Furthermore, 25 of those surveyed said they were forced to sign labour contracts containing clauses forbidding them to get married or pregnant during a set period of time. More than 20 per cent also said employers cut salaries of women who become pregnant or gave birth, and 11 per cent lost jobs for having a baby.
A group of young professional women in Beijing, calling themselves "Lean In Beijing", have started the first support group in China inspired by Sandberg's book, Lean In: Women, Work and the Will to Lead. In her book, Sandberg advises women on how to achieve their full leadership potential and encourages readers to form "circles" with other women for shared growth and support.
Since its launch in August, Lean In Beijing has organised several public panels and networking events. Several informal circles and reading groups have also formed in Shanghai. A Lean In Beijing organiser, Charlotte Han, who works a "tedious" job at a state-owned enterprise, said she found Sandberg's book life-changing.
"Chinese girls are educated to be gentle, quiet and passive, to find a stable job and a suitable man, get married and settle down. Ambition isn't considered a good thing for women," she said. "After reading the book, I want to take a proactive attitude to pursuing what I want and engage in meaningful and challenging work that helps me to learn and grow."
The group created supportive communities for women who may feel isolated when dealing with problems, Han said. "In addition to the public events, we help women form small groups with other women in their industry so that they give each other advice and support."
During a visit to China last month, Sandberg met several Lean In Beijing members on September 12 and then wrote a statement on her Facebook page about the "unique" situation for women in China: "The fact that women could be seen as too educated to be desirable for marriage in a country with 24 million unmarried men shows that cultural norms about the balance of success within couples run deep." But researchers say this wasn't as prevalent 20, or perhaps even 10, years ago.
"There's no doubt whatsoever that there is much more gender discrimination in hiring in China now than a generation ago," said Leta Hong Fincher, a sociology PhD candidate at Tsinghua University and author of the upcoming book, Leftover Women: The Resurgence of Gender Inequality in China.
"This is in large part because of structural changes and market reforms.
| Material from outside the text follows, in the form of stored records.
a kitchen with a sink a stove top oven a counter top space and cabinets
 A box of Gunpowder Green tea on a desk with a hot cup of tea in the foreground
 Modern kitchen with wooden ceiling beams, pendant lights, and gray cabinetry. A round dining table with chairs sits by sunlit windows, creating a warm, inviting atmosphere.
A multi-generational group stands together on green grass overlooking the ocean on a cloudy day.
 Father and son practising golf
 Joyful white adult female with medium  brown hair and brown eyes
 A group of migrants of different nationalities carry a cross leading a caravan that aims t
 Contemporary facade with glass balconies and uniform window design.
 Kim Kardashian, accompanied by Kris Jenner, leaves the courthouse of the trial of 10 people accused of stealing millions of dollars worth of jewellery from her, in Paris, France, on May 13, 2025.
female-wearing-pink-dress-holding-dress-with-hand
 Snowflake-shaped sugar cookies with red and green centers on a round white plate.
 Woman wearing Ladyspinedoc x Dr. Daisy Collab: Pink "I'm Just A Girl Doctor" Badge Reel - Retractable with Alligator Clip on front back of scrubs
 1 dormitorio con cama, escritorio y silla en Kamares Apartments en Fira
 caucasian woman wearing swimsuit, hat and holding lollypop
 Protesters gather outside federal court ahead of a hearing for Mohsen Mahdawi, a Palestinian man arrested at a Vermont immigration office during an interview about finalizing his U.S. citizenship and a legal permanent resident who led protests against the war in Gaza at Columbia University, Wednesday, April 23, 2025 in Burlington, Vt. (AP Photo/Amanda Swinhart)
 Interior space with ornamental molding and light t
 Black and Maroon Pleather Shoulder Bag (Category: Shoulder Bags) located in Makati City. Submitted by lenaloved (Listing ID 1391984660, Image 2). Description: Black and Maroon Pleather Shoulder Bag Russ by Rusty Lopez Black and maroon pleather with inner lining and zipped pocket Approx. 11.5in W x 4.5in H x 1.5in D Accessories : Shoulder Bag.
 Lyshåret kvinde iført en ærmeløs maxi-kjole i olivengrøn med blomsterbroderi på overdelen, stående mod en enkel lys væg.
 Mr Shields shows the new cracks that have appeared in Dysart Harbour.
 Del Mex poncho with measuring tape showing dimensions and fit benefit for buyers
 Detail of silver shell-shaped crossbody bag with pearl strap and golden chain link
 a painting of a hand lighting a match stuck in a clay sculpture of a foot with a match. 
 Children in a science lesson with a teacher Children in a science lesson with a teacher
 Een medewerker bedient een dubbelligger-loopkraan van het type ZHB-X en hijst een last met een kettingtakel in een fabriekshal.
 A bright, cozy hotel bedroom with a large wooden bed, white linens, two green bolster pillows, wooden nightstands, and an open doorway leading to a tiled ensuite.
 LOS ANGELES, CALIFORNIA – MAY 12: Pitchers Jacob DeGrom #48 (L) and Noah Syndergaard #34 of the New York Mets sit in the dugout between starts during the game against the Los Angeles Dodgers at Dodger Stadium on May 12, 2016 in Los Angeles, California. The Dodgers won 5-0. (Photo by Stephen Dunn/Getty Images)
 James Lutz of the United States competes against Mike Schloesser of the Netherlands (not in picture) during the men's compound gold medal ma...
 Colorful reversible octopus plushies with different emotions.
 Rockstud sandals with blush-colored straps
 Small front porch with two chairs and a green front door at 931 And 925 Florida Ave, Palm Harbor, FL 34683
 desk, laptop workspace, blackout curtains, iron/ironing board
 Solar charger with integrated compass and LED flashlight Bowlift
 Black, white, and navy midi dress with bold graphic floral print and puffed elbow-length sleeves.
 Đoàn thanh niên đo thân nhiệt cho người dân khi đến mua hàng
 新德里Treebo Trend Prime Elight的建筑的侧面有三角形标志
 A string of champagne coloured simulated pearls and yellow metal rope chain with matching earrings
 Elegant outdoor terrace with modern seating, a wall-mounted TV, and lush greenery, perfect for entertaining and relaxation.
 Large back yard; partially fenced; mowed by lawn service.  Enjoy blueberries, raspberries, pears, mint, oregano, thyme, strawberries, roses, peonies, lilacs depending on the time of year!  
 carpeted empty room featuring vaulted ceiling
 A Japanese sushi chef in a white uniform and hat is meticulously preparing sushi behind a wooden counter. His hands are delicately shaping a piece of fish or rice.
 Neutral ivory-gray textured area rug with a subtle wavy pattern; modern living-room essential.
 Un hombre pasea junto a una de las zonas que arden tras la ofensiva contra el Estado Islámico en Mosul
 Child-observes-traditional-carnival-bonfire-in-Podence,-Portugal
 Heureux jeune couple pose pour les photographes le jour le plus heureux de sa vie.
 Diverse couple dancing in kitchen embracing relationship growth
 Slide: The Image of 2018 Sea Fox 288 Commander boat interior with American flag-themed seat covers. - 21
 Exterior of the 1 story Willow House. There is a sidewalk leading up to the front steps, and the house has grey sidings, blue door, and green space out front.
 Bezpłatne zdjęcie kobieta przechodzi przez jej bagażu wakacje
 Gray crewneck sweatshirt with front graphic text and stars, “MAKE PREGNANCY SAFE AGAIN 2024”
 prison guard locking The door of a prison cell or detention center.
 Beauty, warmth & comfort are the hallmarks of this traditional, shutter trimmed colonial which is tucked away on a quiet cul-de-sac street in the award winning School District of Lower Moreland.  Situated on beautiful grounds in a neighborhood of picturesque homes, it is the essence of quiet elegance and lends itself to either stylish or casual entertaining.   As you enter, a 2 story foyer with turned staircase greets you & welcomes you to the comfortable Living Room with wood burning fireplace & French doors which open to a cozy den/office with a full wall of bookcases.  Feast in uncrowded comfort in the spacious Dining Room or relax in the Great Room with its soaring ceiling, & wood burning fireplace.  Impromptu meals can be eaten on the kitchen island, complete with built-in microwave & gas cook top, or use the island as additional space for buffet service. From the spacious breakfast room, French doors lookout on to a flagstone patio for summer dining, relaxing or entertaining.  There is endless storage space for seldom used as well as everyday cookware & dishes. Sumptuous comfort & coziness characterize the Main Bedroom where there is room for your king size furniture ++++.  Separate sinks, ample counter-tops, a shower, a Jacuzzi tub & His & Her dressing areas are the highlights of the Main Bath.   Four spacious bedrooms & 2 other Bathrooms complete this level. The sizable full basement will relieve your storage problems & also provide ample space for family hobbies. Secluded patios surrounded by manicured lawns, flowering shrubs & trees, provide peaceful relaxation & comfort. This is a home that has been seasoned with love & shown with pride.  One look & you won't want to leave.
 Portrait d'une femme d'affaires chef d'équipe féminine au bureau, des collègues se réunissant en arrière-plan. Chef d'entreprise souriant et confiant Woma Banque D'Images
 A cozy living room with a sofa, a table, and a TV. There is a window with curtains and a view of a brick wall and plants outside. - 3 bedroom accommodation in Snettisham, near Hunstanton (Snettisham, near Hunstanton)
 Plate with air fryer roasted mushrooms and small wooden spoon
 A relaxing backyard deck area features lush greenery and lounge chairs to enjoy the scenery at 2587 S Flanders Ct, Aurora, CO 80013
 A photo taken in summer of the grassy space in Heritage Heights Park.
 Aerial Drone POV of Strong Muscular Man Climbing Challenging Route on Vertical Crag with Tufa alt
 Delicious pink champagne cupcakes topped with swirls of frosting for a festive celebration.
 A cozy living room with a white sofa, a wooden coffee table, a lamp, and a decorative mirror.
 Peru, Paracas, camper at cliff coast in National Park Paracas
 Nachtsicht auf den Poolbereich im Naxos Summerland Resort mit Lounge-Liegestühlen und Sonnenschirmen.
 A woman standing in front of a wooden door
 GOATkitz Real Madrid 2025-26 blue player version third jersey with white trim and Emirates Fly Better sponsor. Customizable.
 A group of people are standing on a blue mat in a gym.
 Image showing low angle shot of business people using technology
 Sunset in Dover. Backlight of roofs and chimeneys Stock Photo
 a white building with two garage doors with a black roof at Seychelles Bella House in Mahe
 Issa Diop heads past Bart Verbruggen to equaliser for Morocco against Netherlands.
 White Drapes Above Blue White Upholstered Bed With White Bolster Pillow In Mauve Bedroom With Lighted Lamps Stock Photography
In the early 1990s, China still had a planned economy where jobs were assigned to women and men, and the Communist Party mandated gender equality in the workplace. But by the mid-1990s, as market reforms took off, there were massive layoffs - 43 million lost their jobs and women were often the first to be let go and the last to be rehired."
Sandy To, a lecturer in sociology at the University of Hong Kong, said that in her interviews with professional women aged between 26 and 34, none complained of facing significant discrimination alongside male colleagues.
"Generally, the women I interviewed didn't have many issues, although some said they felt they had to 'carry themselves aggressively and conceal their femininity' when doing business with men - such as by drinking a lot and speaking in rough language - in order to be treated equally."
A 39-year-old woman executive from Fujian province, who is the chief financial officer of a multinational audit firm in Singapore, said new female university graduates in China may face more obstacles today than graduates 10 years ago.
"Nowadays, when my company recruits, we have some concerns about young female graduates. It's mainly about the family commitments these ladies can have that could impact the time and effort they could devote to professional life. So if companies compare two people with similar backgrounds, being male or female could make a difference."
This woman, who plans on having a child soon while continuing to work, said that besides discrimination from employers, younger women's attitudes about work-life balance was also a factor.
"When I was starting out, I worked very long hours and wanted to build up my career before thinking of a family. Now, more women value having a more balanced lifestyle overall, even if they don't have children yet. This could be a reason why they may play a role in holding themselves back from more senior positions," she said.